The growth average over this recovery, 1.9%, compares with 2.8% over the long recovery from 1992 to 2008, which was brought to an end by the financial crisis, and 2.9% for the 1981-90 recovery under Margaret Thatcher. Growth has been around a percentage point lower on average, than during those two previous upturns. One caveat, though it is a small one, is that recent figures are more prone to revision.

A below-par recovery has happened despite an exceptional monetary stimulus. Every member of the monetary policy committee (MPC) who voted to cut interest rates to 0.5% in March 2009 would at the time have been astonished to think they would be only fractionally higher, at 0.75%, now. None of them, by the way, is still on the MPC. There has been £435bn of quantitative easing.

That has saved the economy from even weaker growth. The fact that growth has not been stronger would be put down by some to deficit-reduction, or austerity. Nobody would seriously argue against the proposition that a fiscal tightening will give you weaker growth than otherwise, but it would also be wrong to attach all the blame for the growth disappointment to fiscal policy. The hangovers from the crisis, particularly the banking hangover, played a big part and the causes of productivity stagnation run deep, and are for another day.

The big winner in the recovery is, perhaps surprisingly, the construction sector. Based on the latest figures, its output is 34% up on the mid-2009 trough, though only 11% up on the pre-2008-9 recession peak. Service sector output is up by 22% and 17% respectively, and has the most consistent performance.

Manufacturing has been the poor relation; its output is up by only 10% since mid-2009 and is down by 3% compared with the pre-recession peak.

Does this recovery still have legs? Ten years is a long time, and this is now a mature recovery, though as noted it is not as long as the 16-year upturn that preceded the crisis.

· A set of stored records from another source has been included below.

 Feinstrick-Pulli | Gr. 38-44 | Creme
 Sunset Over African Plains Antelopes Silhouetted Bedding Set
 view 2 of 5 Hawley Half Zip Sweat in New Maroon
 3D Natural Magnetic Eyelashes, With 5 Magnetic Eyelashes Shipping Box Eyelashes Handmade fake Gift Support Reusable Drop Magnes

It remains possible that when the statistics are available in a few weeks’ time, this will turn out to have been a very downbeat anniversary. After two successive monthly GDP declines, the arithmetic is challenging for the second quarter, which ends today, and the National Institute of Economic and Social Research predicts a 0.2% GDP decline, though the Bank of England expects a 0.2% increase.

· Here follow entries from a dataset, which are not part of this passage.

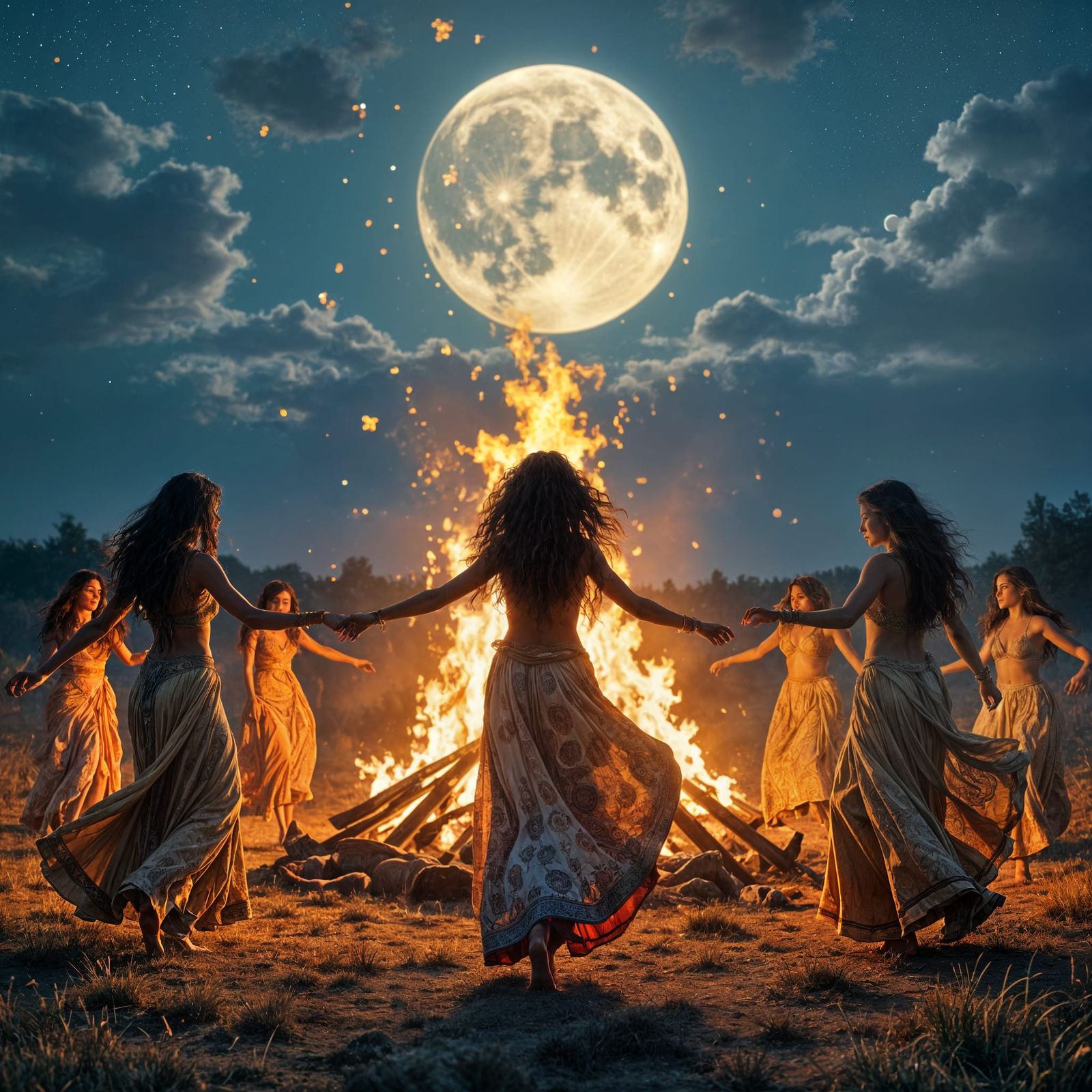 Gypsy Women's Bonfire Dance Under Solstice Moon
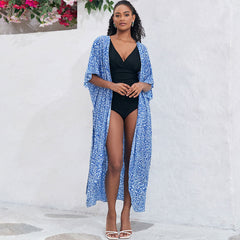 Wild Style – Brasilianisches Strandkleid mit Leopardenmuster und Gürtel, kurzärmlig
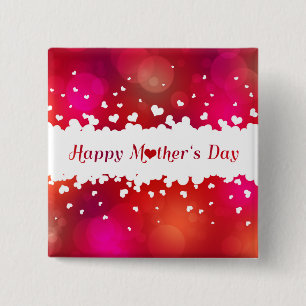 Lovely Happy Mother's Day Hearts 15 Cm Square Badge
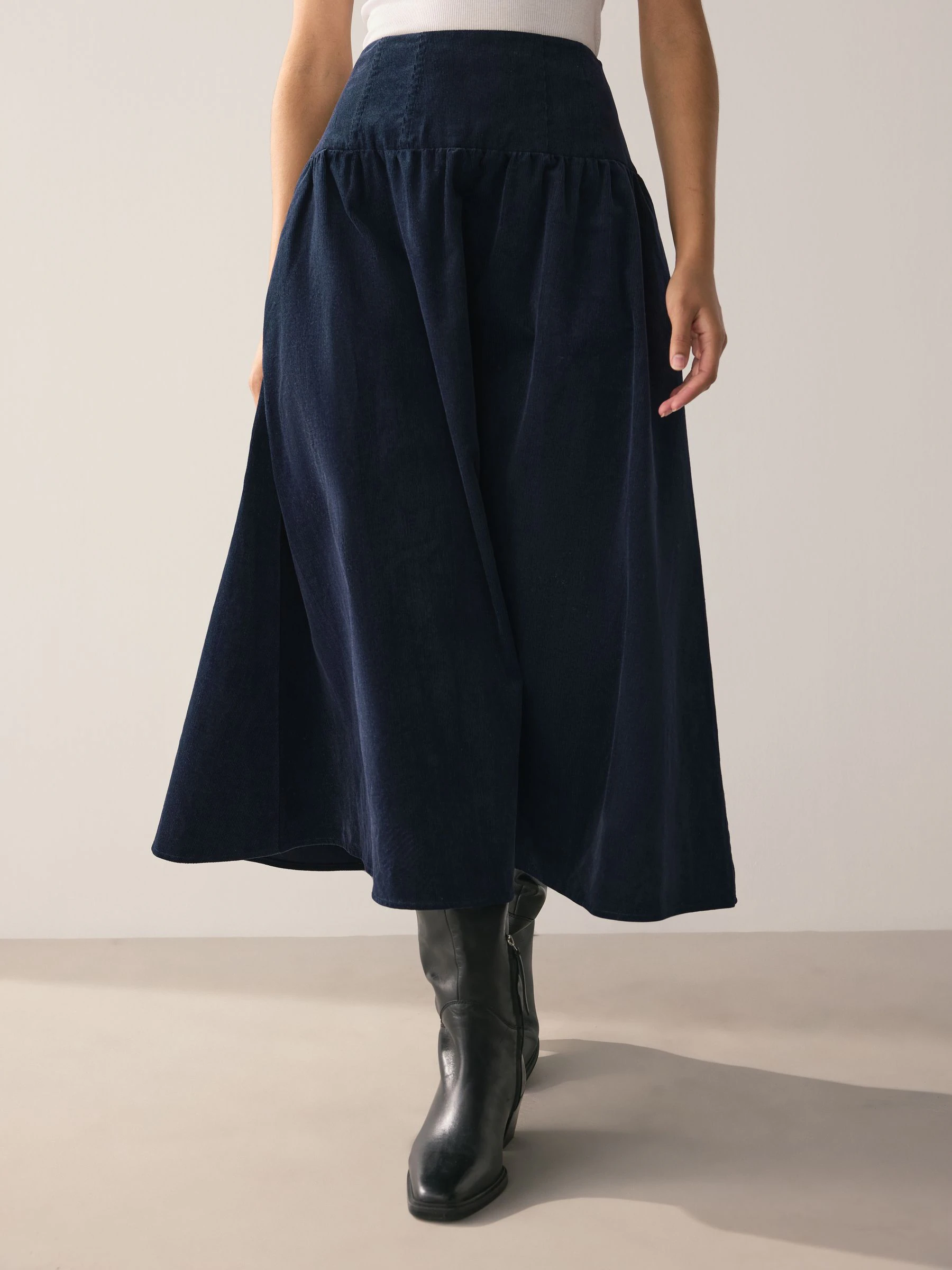 Navy Dropped Waist Corduroy Midi Skirt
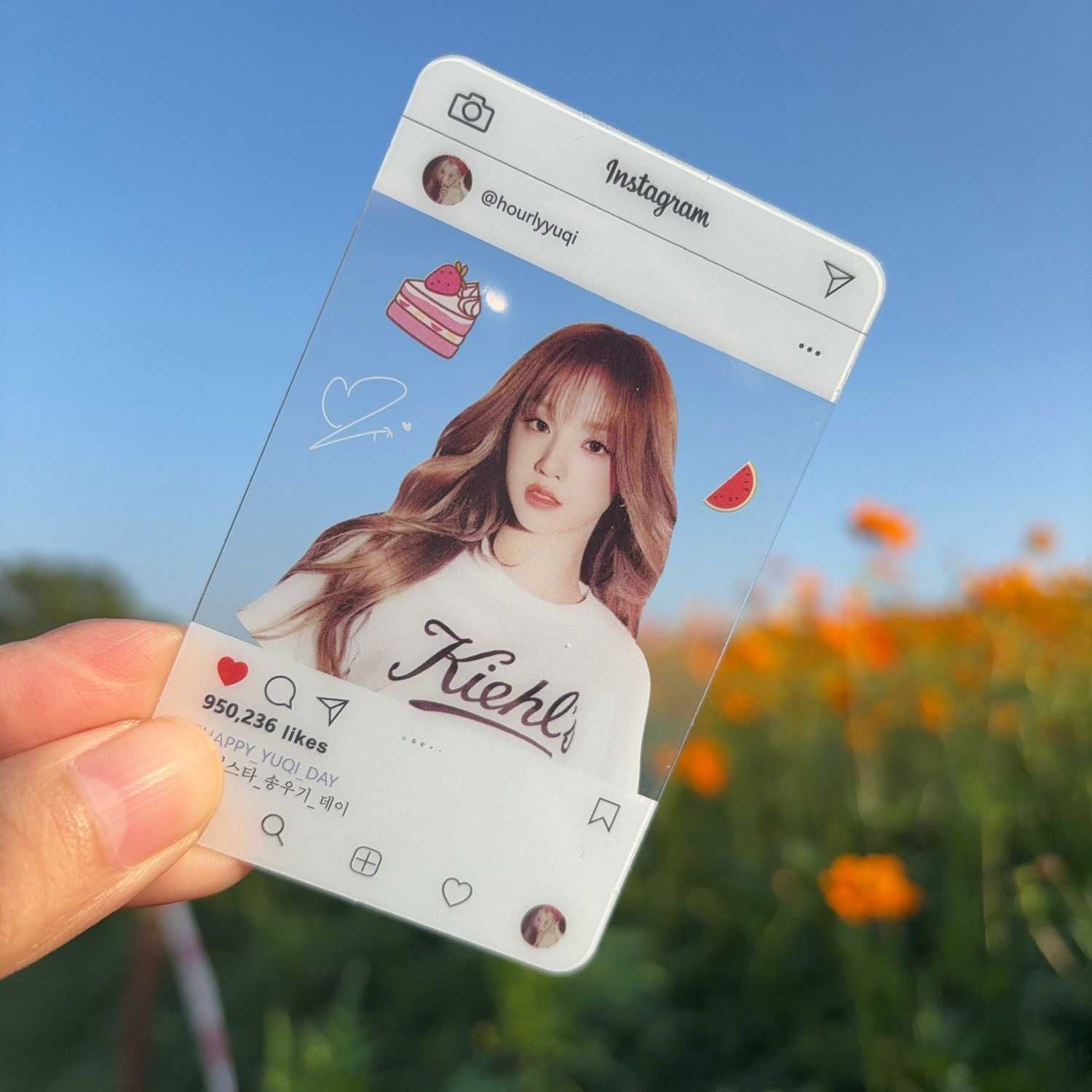 GIDLE宋雨琦透卡pvc新专辑Ifeel宋雨琦可爱周边自印透明明信片ins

The news from some sectors of the economy is grim. Car manufacturing so far this year is down by 21% on last year. The CBI’s distributive trades survey said retail sales volumes in the year to this month fell at their fastest pace since March 2009, when the economy was mired in recession, though adding that some of that may have been due to exceptionally strong comparators a year ago. Consumer confidence has weakened across the board, according to the latest GfK index.

What we can say with certainty is that growth, at best, has slowed to a crawl. Recoveries do not die of old age. This recovery is not under threat from a sudden and aggressive hike in interest rates from the Bank, the kind of thing that has sounded the death knell for previous upturns, though the investment weakness of the past three years, coupled with a reduced flow of EU workers, has increased the Bank’s concerns about the amount of spare capacity in the economy.

It is under threat from a related self-inflicted wound. Though I think we will avoid it, and Boris Johnson has said that the chances of a no-deal Brexit are a million to one, the more that people and businesses fear it the more it will exert a downward influence on the economy. This 10-year anniversary could be a lot happier than it is.